### [Instructions to follow]
Once the pictures are removed, reproduce what is left of the data below exactly.

### [Data section]
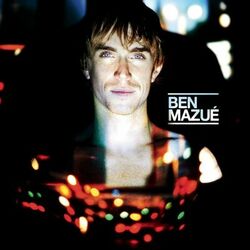 Cover of Ben Mazué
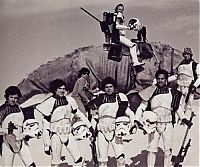 People & Humanity: Rare Star Wars photography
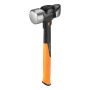 Fiskars mukkert Pro IsoCore L 362 mm 1800 g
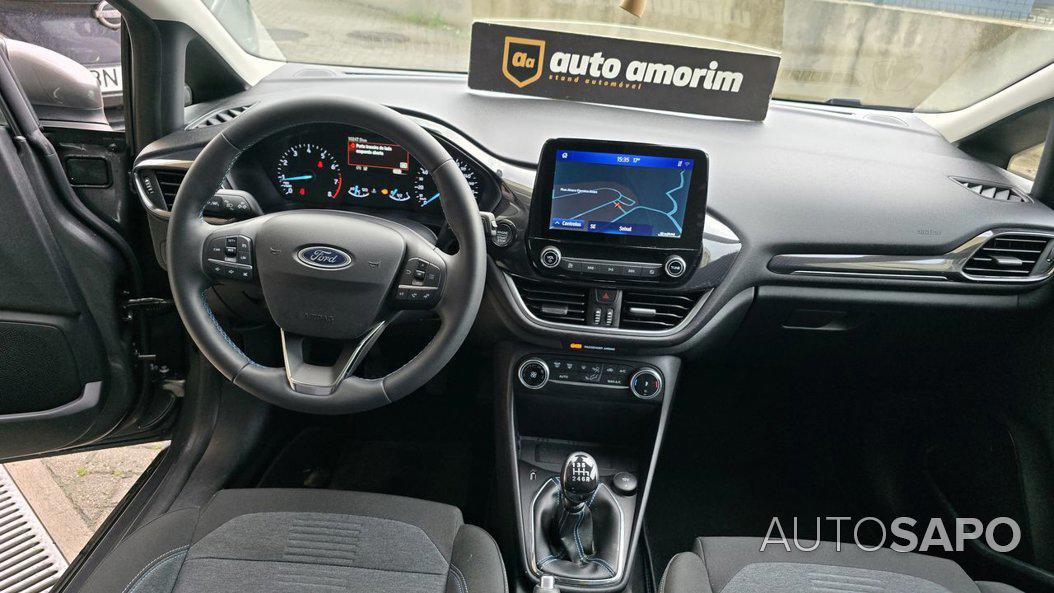 Ford Fiesta 1.0 EcoBoost MHEV Active X de 2023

### [Task solution]
 Cover of Ben Mazué
 People & Humanity: Rare Star Wars photography
 Fiskars mukkert Pro IsoCore L 362 mm 1800 g
 Ford Fiesta 1.0 EcoBoost MHEV Active X de 2023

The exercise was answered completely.